- [Assignment] Word for word, give the records again, dropping any picture they hold.

- [Source material]
·····

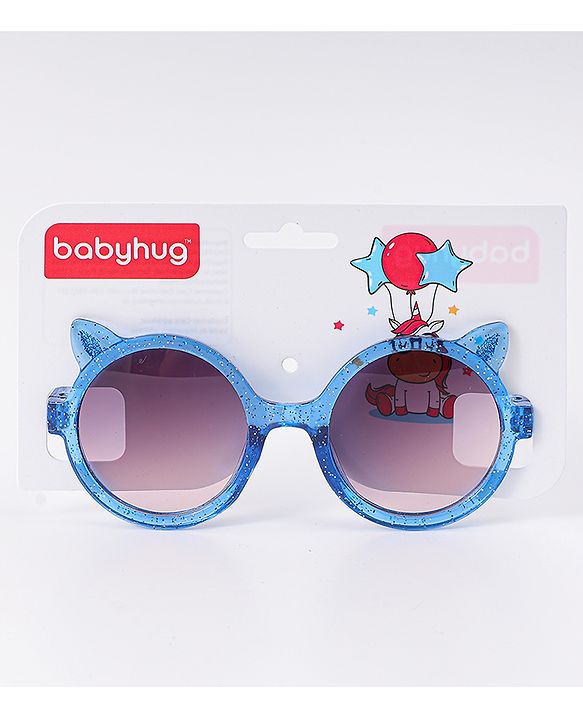 Babyhug Free Size Sunglasses - Blue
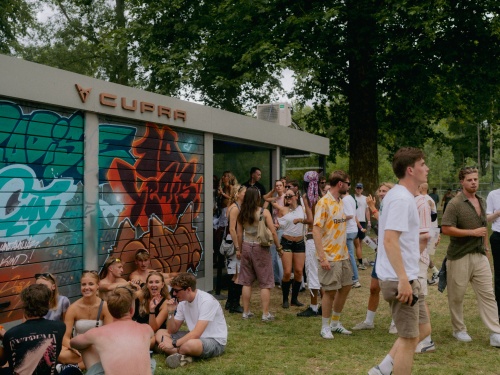Paradise City, CUPRA and VI.BE launch open call for new DJ talent
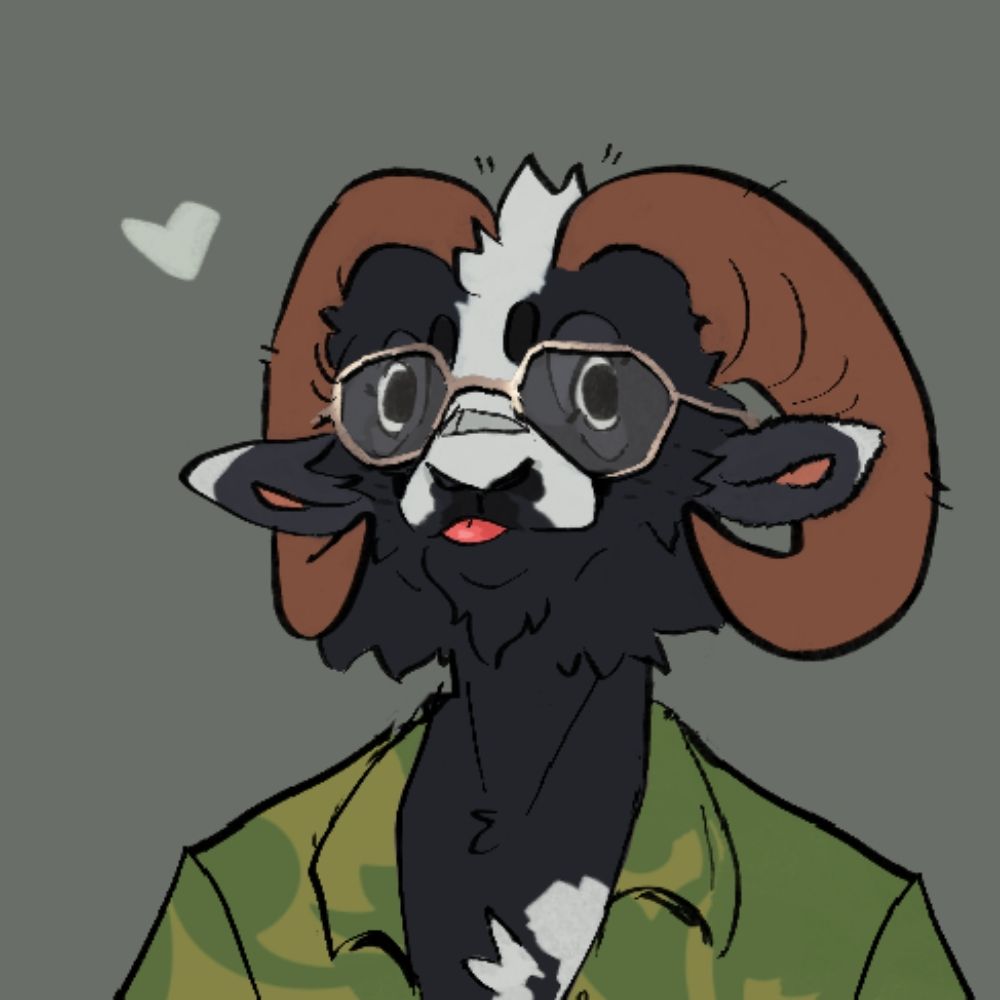 Fern The Goat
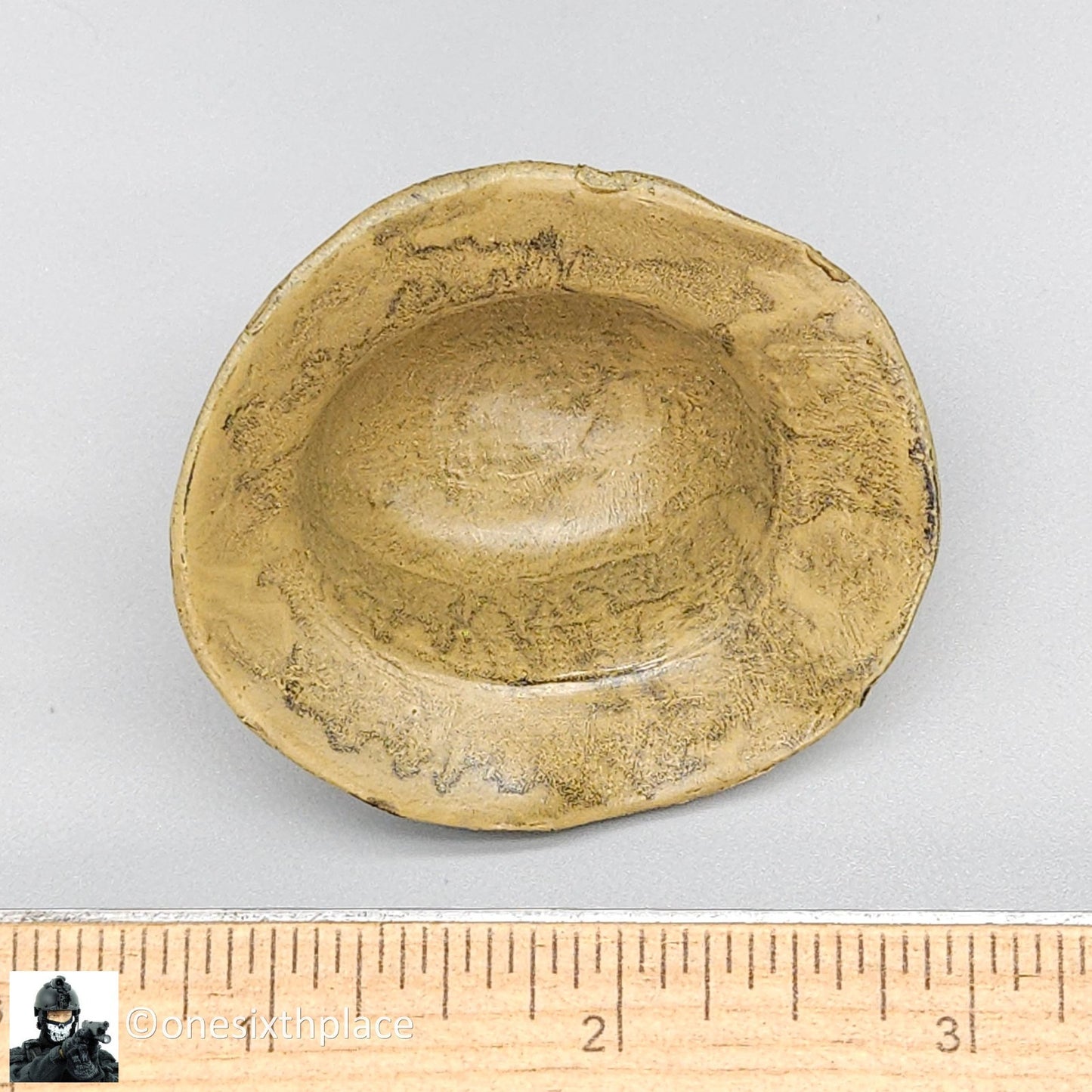 1:6 Ultimate Soldier Russian Spetsnaz Molded Panama Boonie Hat for 12" Figures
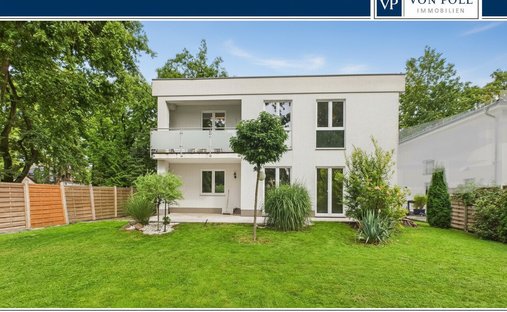 House in Zeuthen, Brandenburg, Germany 1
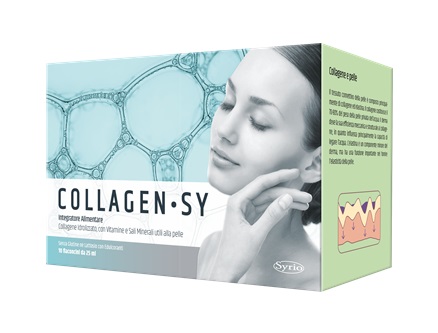 COLLAGEN-SY 10 FLACONCINI DA 25 ML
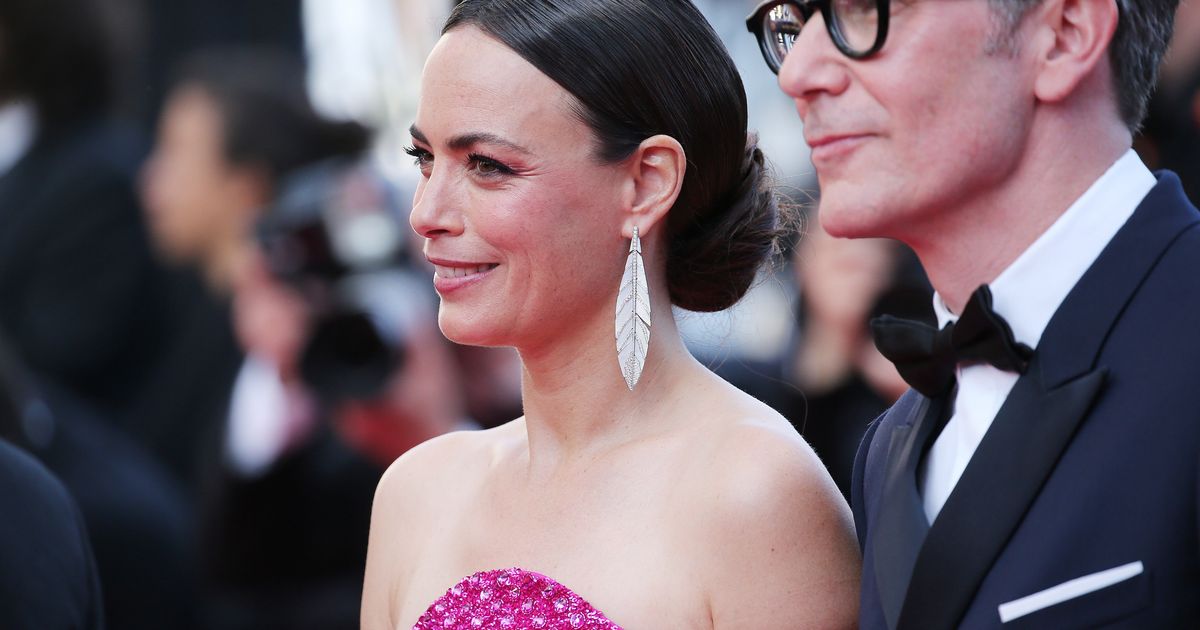 Na Festiwalu Filmowym w Cannes na czerwonym dywanie zabłysnęła Berenice Bejo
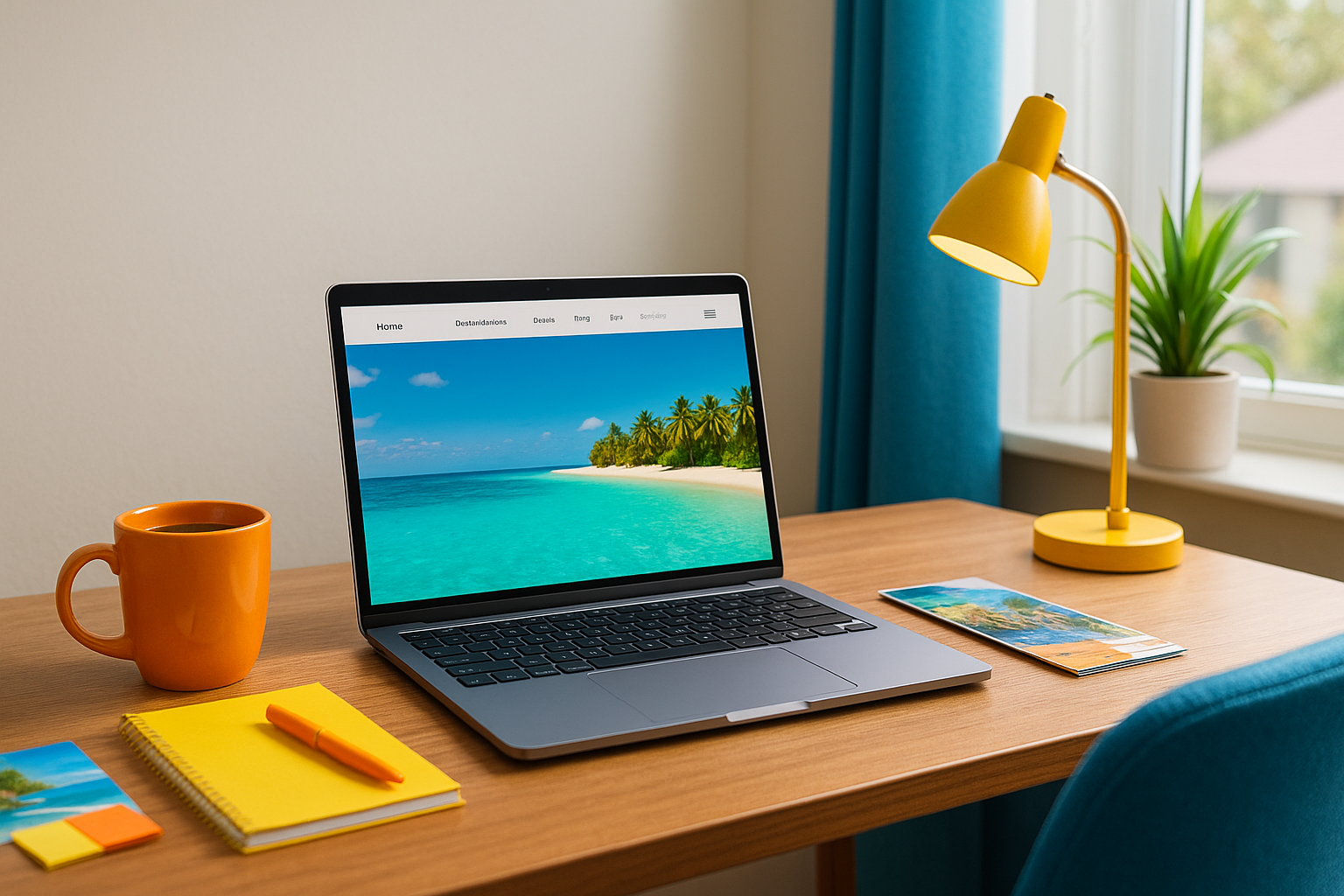 Travel Homeworking: The Future of the Travel Industry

·····

- [Task solution]
 Babyhug Free Size Sunglasses - Blue
Paradise City, CUPRA and VI.BE launch open call for new DJ talent
 Fern The Goat
 1:6 Ultimate Soldier Russian Spetsnaz Molded Panama Boonie Hat for 12" Figures
 House in Zeuthen, Brandenburg, Germany 1
 COLLAGEN-SY 10 FLACONCINI DA 25 ML
 Na Festiwalu Filmowym w Cannes na czerwonym dywanie zabłysnęła Berenice Bejo
 Travel Homeworking: The Future of the Travel Industry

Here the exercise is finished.